→ WORK TASK:
Leave out every picture and set down, exactly, the lines below from the one holding "Mehrreihige Armbänder aus" up to and including the one holding "Heart Pattern Pink Fleece Jacket".

━━ INFORMATION SUPPLIED

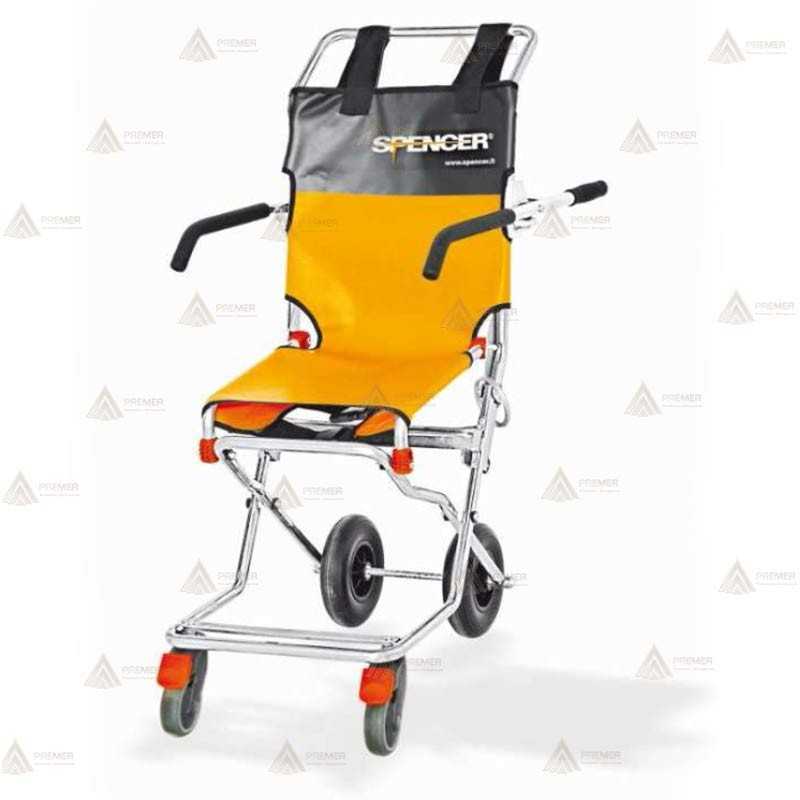 Silla de evacuación y transporte con reposabrazos 407 B de Spencer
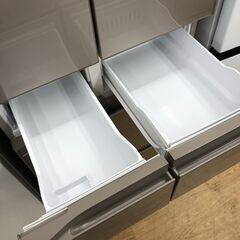 ★リユースのサカイ幸手店★ジモティ割あり★ 日立　ヒタチ 冷蔵庫 R-HW54R 540L 21年製 動作確認／クリーニング済み SJ9921の画像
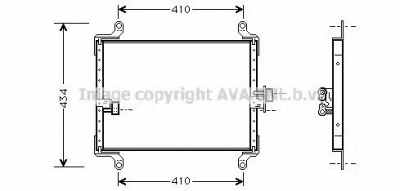 AVA QUALITY COOLING ft5206 -  Конденсатор, кондиционер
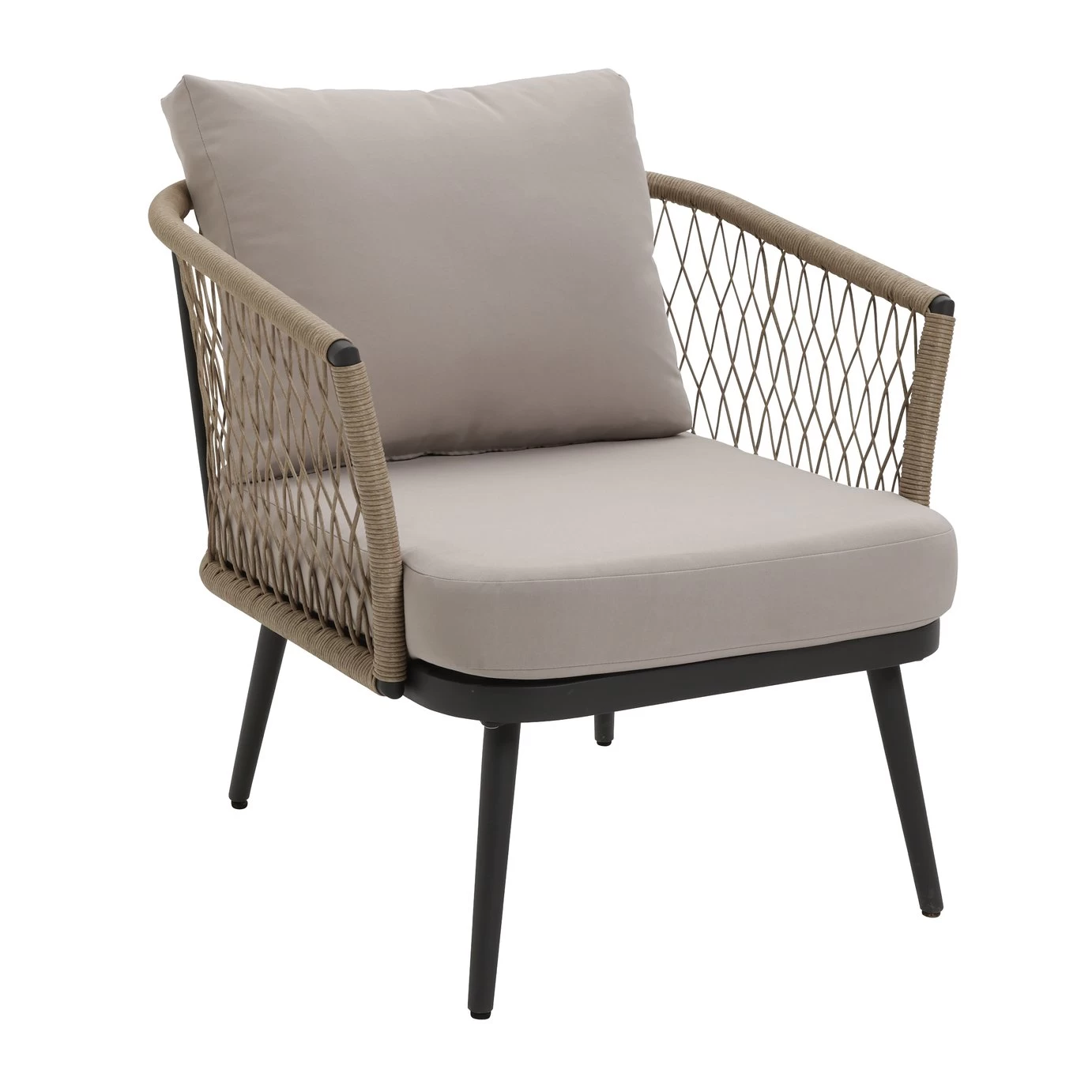 Habitat Somerset 2 Seater Rattan Effect Garden Bistro Set - Image 6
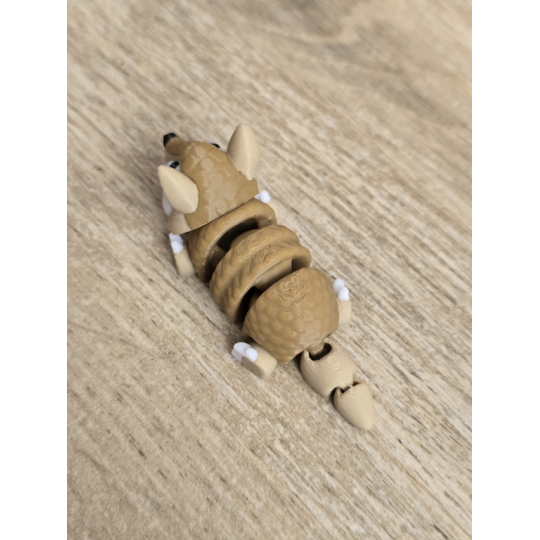 Mini figurka Pancernik 3d - Druk3d fidget mixGadzet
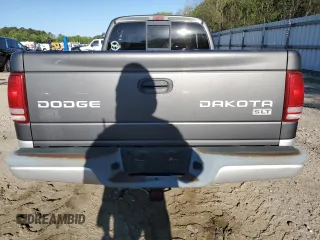 2004 Dodge Dakota SLT with VIN 1D7GL42KX4S597346, listed as a Copart auction lot 52591965 with 116,280 mi miles and Salvage Title. Bid and sale history available at carsss.com. Image 6.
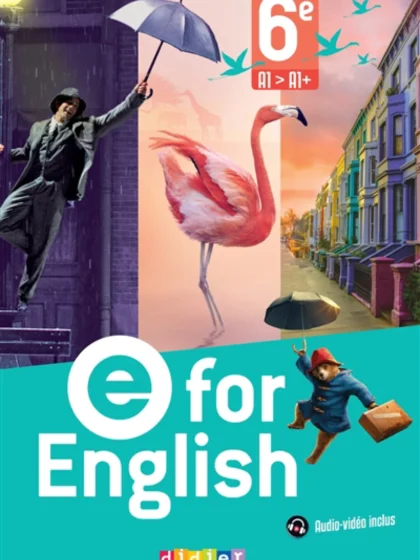 E for English 6e, A1-A1+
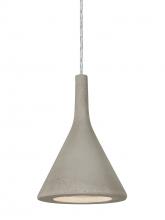  1JT-GALATN-LED-SN - Besa Gala Pendant, Tan, Satin Nickel Finish, 1x9W LED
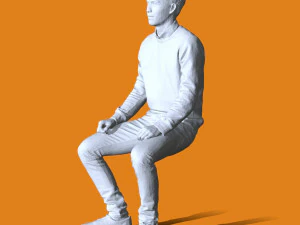 Miniature Pose People 81 3D Print Model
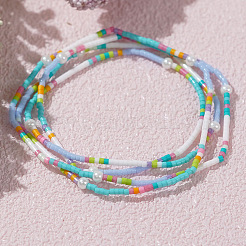 Mehrreihige Armbänder aus Glasperlen&nbsp;WH4292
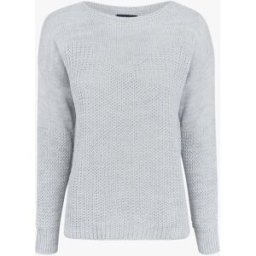 stand-prive.com Pull loose en maille épaisse et fine - Gris chiné gris-chine 36/38 female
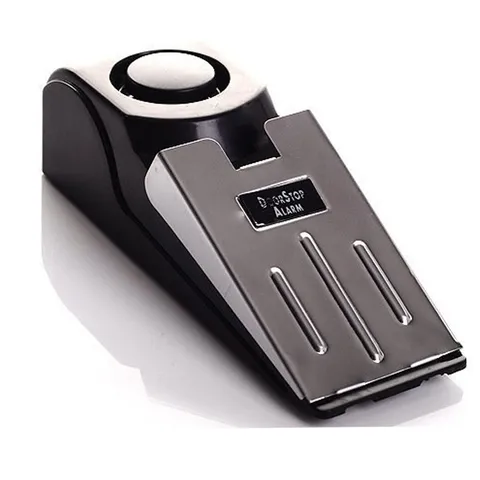 Upgraded Door Stop Alarm -Great for 5.79 x 2.48 x 2.01 inches, Black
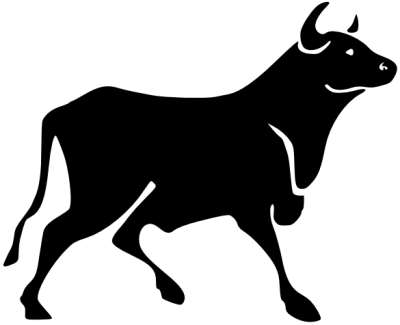Bull and bear market clipart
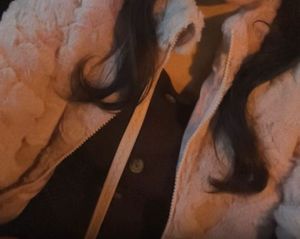 Heart Pattern Pink Fleece Jacket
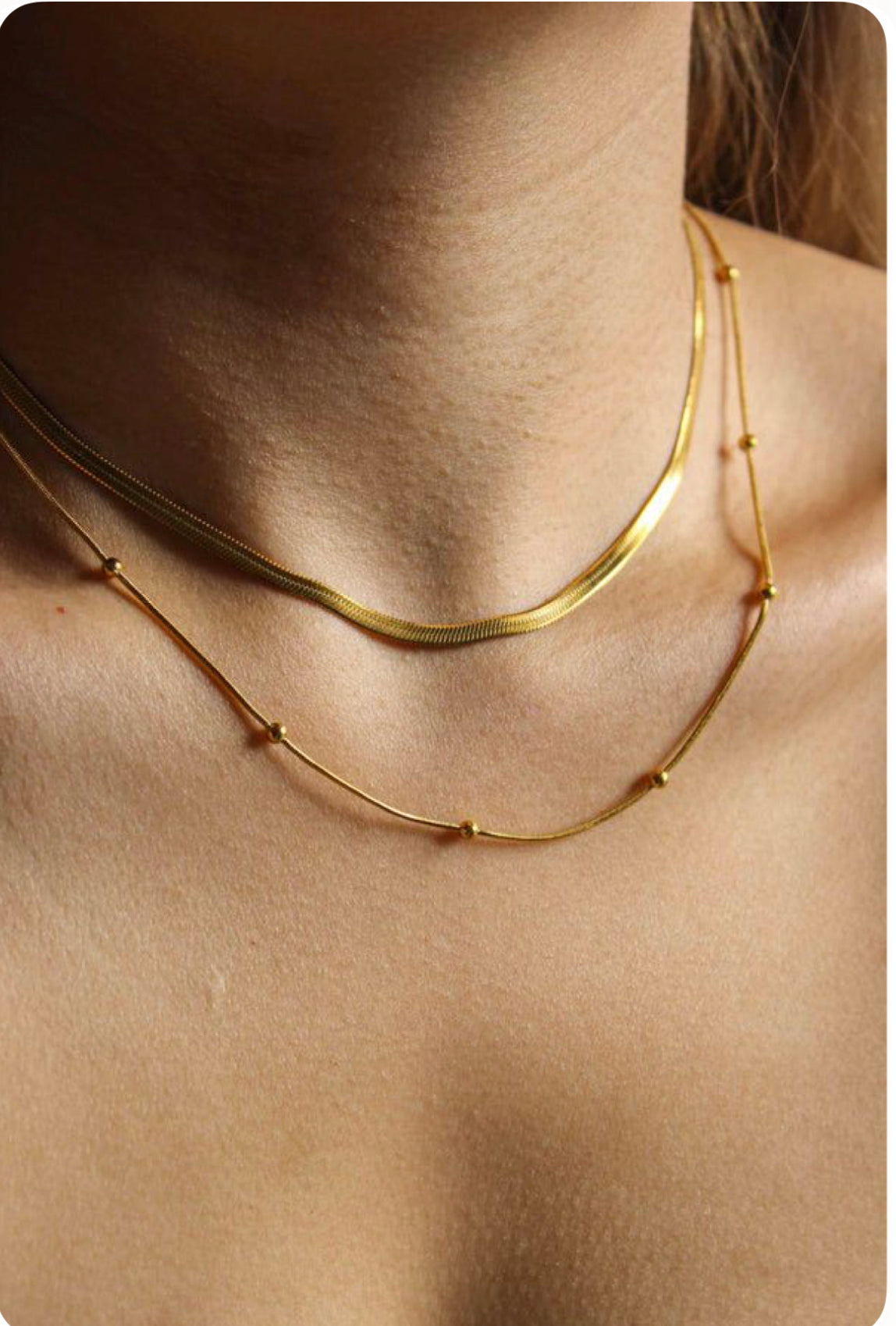 Two Layers Basic Necklace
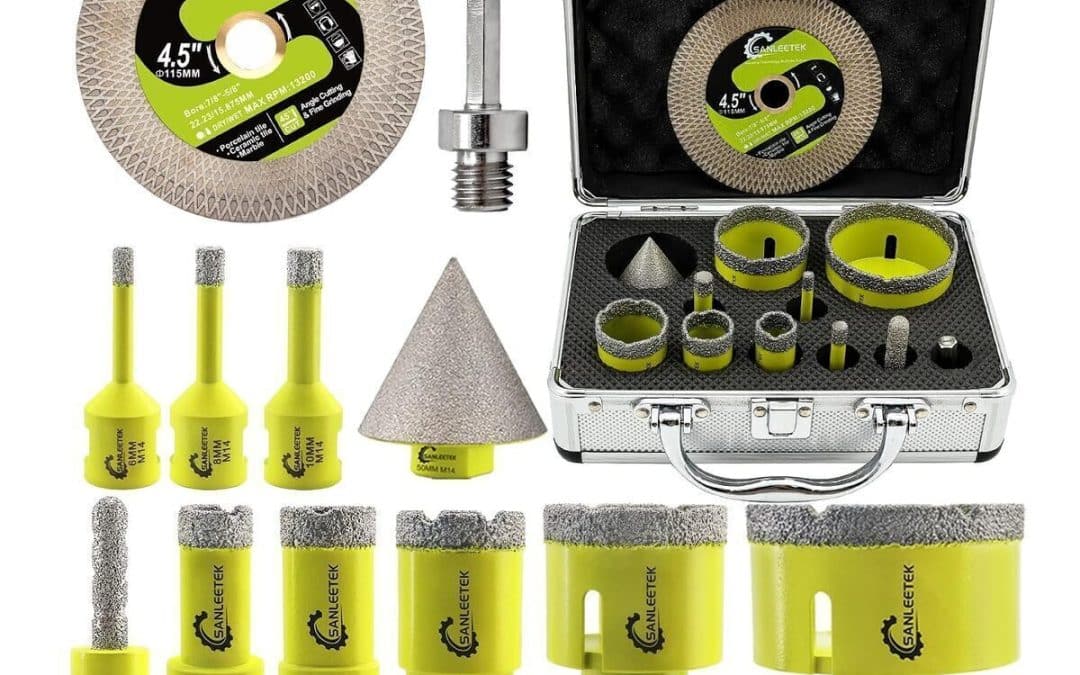 Test du kit de scie cloche diamant Sanleetek pour carrelage et marbre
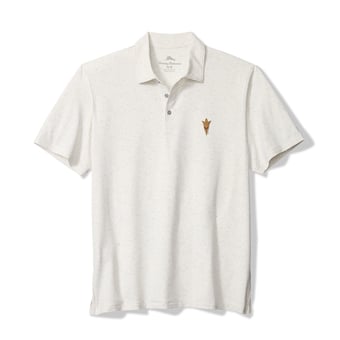 Men's Tommy Bahama White Arizona State Sun Devils Palm Dunes IslandZone Polo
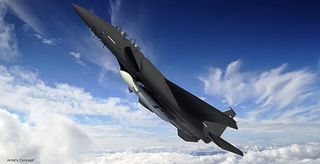 DARPA Airborne Satellite Launch Vehicle under F-15E Concept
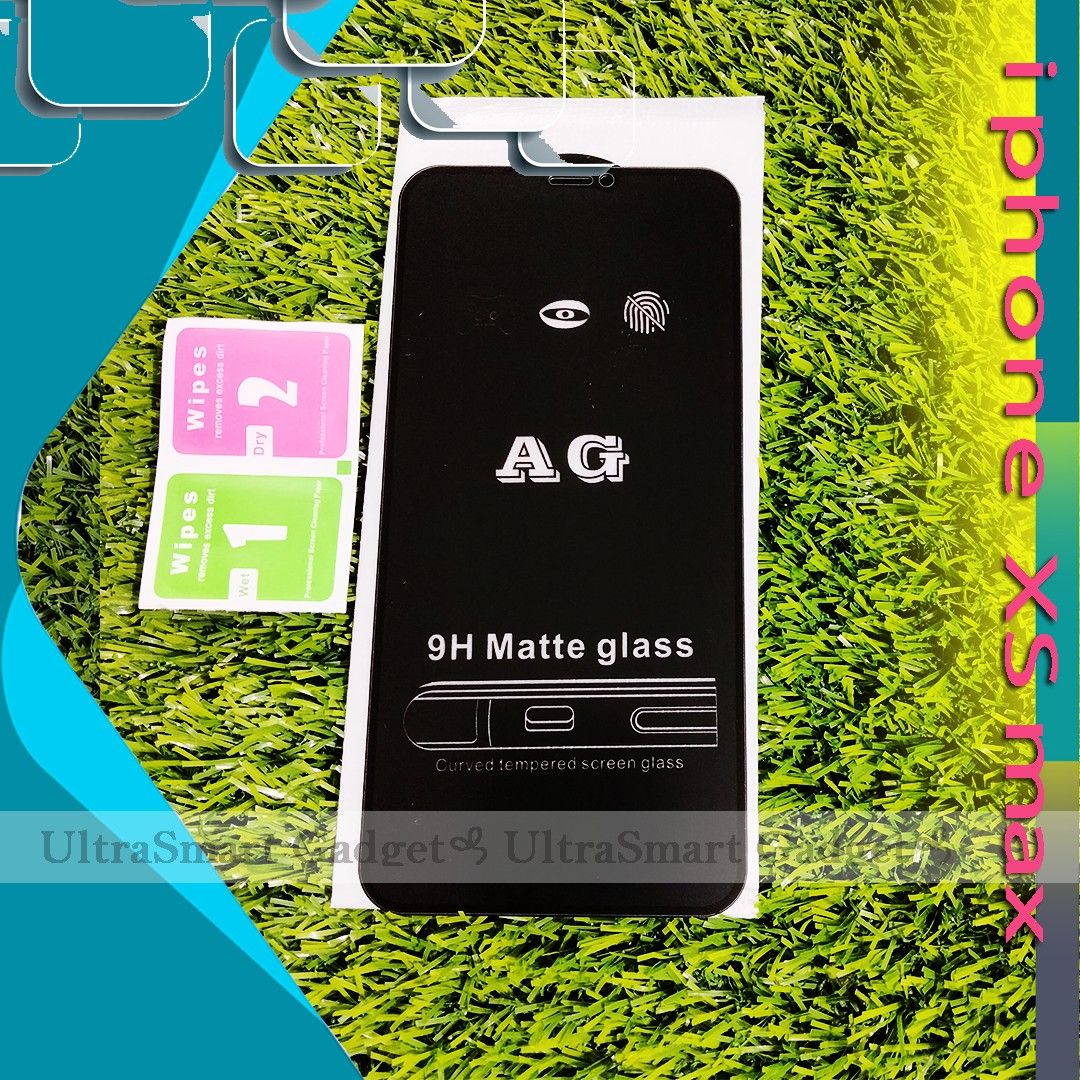 For iPhone XS Max Matte Tempered Glass Screen Protector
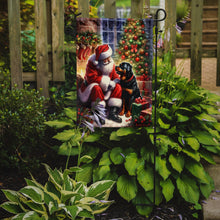 Load image into Gallery viewer, Rottweiler with Santa Garden Flag – Christmas Dog Yard Decor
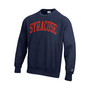 Men's Navy Syracuse Orange Arch Reverse Weave Pullover Sweatshirt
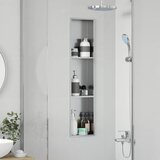  Ničica za tuš Srebrno 90 x 20 x 9,5 cm Nehrđajući čelik | Shoptok.si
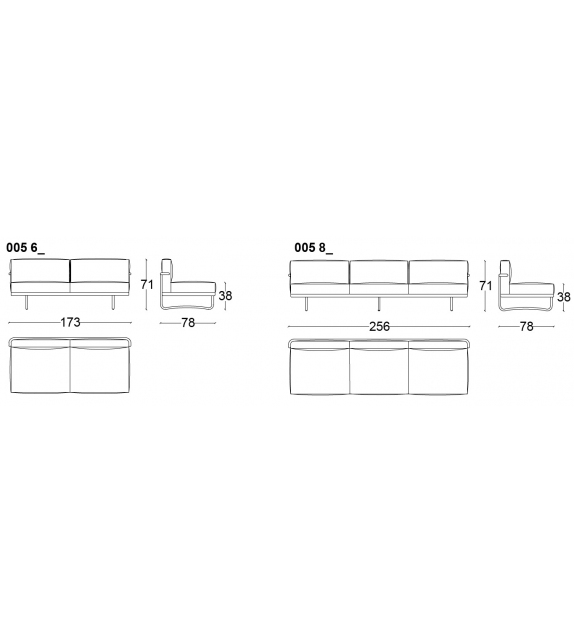 LC5 Pro Cassina Divano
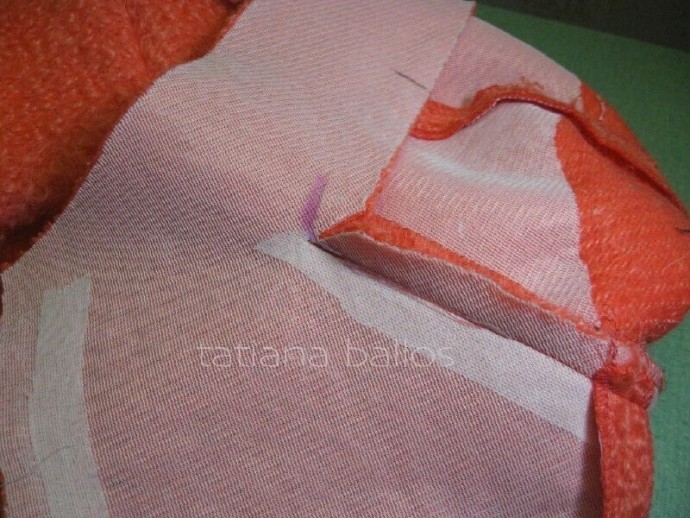 Обработка воротника-стойки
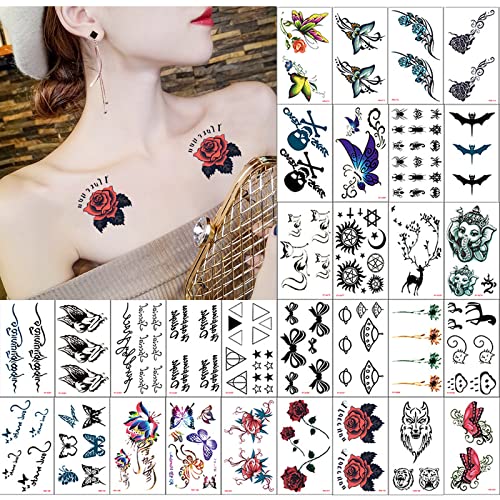 Zqftzq privremene tetovaže za žene, Tatuajes Temporales žena, dugotrajne vodootporne realistične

━━━━

→ SOLUTION TO THIS TASK:
 Mehrreihige Armbänder aus Glasperlen&nbsp;WH4292
 stand-prive.com Pull loose en maille épaisse et fine - Gris chiné gris-chine 36/38 female
 Upgraded Door Stop Alarm -Great for 5.79 x 2.48 x 2.01 inches, Black
Bull and bear market clipart
 Heart Pattern Pink Fleece Jacket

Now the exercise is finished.